▶ **Work to complete**
Retype, word for word, each line between the lines holding "Used 2025 Nissan Altima 2.5 SV FWD image 25" and "PLATILLOS EN LA FERIA SANTA RITA", inclusive, and leave the rest of the data alone.

▶ **Available records**
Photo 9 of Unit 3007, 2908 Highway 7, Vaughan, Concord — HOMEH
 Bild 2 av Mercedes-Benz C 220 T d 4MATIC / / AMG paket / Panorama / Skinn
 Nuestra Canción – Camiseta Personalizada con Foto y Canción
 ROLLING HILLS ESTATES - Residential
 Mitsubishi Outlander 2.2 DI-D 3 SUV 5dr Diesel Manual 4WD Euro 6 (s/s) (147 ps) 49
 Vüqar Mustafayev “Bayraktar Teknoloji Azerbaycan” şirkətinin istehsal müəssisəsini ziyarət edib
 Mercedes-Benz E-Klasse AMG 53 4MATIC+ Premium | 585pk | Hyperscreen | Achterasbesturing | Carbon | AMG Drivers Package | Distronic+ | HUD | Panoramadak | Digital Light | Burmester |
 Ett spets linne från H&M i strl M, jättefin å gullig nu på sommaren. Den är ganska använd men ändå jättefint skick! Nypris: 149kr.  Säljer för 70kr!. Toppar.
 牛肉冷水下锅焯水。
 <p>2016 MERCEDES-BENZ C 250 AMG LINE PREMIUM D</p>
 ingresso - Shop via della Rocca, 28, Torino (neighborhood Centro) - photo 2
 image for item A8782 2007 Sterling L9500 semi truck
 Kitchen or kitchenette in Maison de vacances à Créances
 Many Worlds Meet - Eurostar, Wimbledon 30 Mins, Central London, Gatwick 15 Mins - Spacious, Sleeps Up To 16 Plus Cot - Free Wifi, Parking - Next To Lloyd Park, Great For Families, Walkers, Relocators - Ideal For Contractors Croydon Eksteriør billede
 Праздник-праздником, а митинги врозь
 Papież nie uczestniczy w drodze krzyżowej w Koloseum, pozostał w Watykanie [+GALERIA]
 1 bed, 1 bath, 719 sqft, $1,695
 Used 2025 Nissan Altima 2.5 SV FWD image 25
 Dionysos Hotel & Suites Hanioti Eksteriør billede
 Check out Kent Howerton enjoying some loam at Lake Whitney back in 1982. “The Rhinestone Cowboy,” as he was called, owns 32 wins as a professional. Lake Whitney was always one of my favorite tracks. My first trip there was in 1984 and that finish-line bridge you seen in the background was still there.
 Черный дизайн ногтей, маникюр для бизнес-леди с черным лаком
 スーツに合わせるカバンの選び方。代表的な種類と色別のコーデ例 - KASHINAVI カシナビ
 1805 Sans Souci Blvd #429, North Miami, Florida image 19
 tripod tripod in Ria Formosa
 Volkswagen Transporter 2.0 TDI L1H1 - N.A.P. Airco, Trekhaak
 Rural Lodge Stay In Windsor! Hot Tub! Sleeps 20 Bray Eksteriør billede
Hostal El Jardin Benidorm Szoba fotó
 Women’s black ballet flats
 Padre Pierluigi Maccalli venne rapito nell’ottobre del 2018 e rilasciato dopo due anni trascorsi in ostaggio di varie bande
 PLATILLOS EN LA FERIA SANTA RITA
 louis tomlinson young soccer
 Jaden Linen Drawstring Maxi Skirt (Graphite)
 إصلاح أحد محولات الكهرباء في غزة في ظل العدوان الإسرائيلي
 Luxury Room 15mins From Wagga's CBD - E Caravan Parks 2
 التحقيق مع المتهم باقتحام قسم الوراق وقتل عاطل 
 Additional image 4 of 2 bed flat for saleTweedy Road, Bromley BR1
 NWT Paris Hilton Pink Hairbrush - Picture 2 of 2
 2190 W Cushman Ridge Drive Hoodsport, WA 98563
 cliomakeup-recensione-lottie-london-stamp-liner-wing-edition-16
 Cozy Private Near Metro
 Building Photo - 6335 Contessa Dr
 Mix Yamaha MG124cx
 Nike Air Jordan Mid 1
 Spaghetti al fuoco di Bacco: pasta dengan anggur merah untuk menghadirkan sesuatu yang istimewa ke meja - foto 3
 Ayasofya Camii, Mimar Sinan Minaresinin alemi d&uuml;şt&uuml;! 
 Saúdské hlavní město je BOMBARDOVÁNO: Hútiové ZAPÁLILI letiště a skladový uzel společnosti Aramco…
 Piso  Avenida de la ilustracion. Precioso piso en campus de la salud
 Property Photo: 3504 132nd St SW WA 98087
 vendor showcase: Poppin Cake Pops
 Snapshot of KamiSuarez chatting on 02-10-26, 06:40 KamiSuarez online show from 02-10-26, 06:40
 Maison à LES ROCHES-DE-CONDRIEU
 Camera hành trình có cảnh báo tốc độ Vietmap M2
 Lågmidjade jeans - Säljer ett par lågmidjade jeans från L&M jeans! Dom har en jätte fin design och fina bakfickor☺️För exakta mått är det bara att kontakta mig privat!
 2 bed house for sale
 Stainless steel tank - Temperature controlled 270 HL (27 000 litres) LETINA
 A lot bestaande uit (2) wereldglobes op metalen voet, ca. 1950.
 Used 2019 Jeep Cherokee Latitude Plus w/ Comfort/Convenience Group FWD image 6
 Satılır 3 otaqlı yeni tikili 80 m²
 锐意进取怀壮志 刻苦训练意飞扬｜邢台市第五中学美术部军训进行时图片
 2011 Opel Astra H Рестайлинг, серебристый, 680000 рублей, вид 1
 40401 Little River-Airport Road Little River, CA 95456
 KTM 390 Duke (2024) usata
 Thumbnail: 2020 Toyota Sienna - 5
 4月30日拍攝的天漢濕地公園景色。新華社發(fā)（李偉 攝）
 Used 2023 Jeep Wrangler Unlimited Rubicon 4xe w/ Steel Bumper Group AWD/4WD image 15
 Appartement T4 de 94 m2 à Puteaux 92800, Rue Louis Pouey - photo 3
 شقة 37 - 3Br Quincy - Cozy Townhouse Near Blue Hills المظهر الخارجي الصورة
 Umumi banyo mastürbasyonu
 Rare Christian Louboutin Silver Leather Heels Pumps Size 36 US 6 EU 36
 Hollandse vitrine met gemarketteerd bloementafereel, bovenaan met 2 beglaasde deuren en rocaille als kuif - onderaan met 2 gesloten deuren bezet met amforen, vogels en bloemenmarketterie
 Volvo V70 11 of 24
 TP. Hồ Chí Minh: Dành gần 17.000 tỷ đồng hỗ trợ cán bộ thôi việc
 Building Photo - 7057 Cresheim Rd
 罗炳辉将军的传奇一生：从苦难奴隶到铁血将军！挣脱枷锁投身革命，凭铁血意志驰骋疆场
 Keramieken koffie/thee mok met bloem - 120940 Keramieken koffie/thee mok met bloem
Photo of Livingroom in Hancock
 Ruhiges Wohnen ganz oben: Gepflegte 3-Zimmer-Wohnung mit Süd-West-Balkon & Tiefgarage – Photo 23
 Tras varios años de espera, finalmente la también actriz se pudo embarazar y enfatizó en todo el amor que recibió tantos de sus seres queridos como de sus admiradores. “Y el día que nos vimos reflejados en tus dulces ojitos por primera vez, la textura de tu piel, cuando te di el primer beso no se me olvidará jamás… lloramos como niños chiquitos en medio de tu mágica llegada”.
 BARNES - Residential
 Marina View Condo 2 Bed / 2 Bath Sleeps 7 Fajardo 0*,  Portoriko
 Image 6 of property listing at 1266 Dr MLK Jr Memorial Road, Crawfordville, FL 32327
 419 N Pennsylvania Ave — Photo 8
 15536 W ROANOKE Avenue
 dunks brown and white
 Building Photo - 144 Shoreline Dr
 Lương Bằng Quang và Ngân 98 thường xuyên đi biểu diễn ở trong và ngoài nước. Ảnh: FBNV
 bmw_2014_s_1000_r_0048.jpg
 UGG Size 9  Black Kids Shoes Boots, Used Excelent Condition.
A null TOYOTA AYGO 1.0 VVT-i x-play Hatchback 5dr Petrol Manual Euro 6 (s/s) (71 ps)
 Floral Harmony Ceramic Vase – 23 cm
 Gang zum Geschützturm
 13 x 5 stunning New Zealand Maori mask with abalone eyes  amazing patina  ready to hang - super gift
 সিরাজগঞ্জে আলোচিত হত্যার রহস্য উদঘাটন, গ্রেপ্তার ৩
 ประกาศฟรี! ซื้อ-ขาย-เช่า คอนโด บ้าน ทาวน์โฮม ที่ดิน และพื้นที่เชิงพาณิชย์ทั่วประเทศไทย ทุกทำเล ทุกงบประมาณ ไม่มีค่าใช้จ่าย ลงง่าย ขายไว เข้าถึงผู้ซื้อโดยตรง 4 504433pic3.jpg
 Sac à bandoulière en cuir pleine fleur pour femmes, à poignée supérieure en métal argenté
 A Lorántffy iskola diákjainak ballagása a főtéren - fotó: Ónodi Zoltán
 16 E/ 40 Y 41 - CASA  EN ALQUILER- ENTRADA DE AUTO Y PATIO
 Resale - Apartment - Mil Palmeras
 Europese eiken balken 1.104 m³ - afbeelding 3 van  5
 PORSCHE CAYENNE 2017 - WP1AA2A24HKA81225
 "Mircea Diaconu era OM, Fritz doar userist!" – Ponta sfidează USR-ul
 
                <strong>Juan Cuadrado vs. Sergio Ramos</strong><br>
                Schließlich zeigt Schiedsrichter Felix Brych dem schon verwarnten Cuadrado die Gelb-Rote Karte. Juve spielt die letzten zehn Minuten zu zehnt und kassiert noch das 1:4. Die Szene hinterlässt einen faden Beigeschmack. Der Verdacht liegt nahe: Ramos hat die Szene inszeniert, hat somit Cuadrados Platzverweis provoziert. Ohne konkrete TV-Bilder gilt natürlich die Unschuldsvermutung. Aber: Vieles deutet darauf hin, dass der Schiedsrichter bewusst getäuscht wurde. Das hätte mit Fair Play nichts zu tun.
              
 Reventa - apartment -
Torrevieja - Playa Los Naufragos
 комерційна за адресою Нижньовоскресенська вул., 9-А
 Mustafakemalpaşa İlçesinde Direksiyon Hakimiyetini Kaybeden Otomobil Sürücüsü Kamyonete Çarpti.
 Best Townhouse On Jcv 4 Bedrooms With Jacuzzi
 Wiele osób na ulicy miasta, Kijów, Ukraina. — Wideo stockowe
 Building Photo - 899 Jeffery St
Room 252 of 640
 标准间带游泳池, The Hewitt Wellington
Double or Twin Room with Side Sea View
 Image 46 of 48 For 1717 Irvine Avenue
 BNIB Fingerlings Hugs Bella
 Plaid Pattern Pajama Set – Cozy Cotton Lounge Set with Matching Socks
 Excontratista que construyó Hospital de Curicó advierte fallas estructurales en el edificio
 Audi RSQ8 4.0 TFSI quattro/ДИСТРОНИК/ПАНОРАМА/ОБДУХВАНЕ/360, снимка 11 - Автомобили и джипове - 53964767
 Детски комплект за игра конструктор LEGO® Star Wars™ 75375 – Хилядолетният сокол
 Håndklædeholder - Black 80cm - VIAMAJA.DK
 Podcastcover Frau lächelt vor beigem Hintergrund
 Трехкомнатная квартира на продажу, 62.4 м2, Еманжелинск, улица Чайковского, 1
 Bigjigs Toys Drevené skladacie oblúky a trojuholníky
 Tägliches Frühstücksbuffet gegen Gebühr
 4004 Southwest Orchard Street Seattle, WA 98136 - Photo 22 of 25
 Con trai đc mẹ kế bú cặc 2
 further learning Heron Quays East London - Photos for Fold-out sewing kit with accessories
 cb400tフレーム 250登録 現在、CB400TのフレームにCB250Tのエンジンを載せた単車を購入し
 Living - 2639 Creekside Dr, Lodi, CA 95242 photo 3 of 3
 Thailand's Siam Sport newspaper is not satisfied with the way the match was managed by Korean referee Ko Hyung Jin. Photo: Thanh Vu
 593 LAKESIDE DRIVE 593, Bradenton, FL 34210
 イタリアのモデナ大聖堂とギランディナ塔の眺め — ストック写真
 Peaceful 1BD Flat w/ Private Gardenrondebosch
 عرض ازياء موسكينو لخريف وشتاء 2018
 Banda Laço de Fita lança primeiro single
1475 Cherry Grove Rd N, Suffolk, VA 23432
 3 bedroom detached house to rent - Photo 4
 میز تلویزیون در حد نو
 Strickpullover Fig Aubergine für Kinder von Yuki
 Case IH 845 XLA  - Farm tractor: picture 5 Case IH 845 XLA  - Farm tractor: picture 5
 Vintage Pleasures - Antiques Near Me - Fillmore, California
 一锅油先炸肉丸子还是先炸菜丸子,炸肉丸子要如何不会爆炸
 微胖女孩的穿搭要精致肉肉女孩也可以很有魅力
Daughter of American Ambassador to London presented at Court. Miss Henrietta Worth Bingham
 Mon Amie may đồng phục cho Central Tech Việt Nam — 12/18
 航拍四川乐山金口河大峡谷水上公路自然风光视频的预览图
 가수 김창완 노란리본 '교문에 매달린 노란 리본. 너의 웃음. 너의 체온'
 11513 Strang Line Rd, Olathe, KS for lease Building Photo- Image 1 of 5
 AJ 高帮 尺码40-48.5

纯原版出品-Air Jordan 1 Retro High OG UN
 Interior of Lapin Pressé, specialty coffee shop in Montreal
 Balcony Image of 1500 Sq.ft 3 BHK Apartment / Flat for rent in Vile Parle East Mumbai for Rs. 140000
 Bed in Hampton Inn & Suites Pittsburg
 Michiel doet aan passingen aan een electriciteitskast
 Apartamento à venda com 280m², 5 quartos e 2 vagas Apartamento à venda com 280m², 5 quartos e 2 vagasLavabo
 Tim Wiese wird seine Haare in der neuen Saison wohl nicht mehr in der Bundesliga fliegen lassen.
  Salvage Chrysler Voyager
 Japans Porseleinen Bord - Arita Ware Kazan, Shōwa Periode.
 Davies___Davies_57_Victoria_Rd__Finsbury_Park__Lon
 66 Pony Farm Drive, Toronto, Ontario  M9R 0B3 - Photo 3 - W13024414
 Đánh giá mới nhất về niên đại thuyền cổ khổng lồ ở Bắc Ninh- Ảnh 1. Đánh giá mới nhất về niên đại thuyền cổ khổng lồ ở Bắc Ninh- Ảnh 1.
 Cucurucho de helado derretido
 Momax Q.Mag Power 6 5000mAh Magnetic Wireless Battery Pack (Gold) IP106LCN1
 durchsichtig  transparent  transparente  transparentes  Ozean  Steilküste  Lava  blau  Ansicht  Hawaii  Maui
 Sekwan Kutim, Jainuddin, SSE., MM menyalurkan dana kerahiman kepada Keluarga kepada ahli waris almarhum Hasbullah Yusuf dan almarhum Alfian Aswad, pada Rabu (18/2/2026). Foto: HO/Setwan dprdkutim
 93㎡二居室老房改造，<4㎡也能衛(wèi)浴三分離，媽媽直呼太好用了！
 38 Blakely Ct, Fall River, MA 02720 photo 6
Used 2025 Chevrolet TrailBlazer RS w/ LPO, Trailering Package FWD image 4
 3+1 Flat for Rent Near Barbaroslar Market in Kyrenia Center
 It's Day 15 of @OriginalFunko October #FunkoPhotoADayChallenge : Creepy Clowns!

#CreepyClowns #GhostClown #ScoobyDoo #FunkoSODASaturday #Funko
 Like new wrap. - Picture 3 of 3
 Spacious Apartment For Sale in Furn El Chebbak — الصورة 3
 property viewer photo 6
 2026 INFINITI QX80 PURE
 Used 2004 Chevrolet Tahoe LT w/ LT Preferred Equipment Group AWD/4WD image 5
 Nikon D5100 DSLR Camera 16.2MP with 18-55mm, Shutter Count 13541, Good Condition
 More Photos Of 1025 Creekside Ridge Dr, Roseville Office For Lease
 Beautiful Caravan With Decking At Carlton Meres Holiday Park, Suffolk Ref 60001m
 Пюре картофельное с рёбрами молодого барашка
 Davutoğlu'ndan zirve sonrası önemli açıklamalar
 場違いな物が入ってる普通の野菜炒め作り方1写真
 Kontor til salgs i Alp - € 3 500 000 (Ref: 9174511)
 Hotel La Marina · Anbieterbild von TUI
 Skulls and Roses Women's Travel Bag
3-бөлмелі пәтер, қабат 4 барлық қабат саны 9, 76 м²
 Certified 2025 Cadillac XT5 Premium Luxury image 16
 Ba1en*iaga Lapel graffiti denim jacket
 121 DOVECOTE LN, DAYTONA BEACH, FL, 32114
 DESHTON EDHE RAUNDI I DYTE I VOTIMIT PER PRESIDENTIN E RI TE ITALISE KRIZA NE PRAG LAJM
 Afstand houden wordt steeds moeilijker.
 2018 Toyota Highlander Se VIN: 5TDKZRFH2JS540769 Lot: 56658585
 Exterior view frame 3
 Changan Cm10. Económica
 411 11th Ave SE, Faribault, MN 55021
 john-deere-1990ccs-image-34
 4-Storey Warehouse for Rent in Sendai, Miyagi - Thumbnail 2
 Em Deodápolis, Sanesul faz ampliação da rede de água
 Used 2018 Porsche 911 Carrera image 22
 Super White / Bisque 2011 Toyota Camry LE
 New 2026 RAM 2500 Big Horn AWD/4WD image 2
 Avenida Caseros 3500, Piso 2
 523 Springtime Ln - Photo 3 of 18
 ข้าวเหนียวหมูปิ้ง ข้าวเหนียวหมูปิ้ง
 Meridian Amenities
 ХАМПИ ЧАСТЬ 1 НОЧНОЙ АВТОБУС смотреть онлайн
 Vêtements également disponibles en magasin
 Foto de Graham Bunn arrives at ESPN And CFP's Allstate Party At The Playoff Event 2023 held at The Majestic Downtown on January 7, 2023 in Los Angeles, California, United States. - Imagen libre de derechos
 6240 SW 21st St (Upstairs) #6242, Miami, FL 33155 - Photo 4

▶ **Written reply**
 Used 2025 Nissan Altima 2.5 SV FWD image 25
 Dionysos Hotel & Suites Hanioti Eksteriør billede
 Check out Kent Howerton enjoying some loam at Lake Whitney back in 1982. “The Rhinestone Cowboy,” as he was called, owns 32 wins as a professional. Lake Whitney was always one of my favorite tracks. My first trip there was in 1984 and that finish-line bridge you seen in the background was still there.
 Черный дизайн ногтей, маникюр для бизнес-леди с черным лаком
 スーツに合わせるカバンの選び方。代表的な種類と色別のコーデ例 - KASHINAVI カシナビ
 1805 Sans Souci Blvd #429, North Miami, Florida image 19
 tripod tripod in Ria Formosa
 Volkswagen Transporter 2.0 TDI L1H1 - N.A.P. Airco, Trekhaak
 Rural Lodge Stay In Windsor! Hot Tub! Sleeps 20 Bray Eksteriør billede
Hostal El Jardin Benidorm Szoba fotó
 Women’s black ballet flats
 Padre Pierluigi Maccalli venne rapito nell’ottobre del 2018 e rilasciato dopo due anni trascorsi in ostaggio di varie bande
 PLATILLOS EN LA FERIA SANTA RITA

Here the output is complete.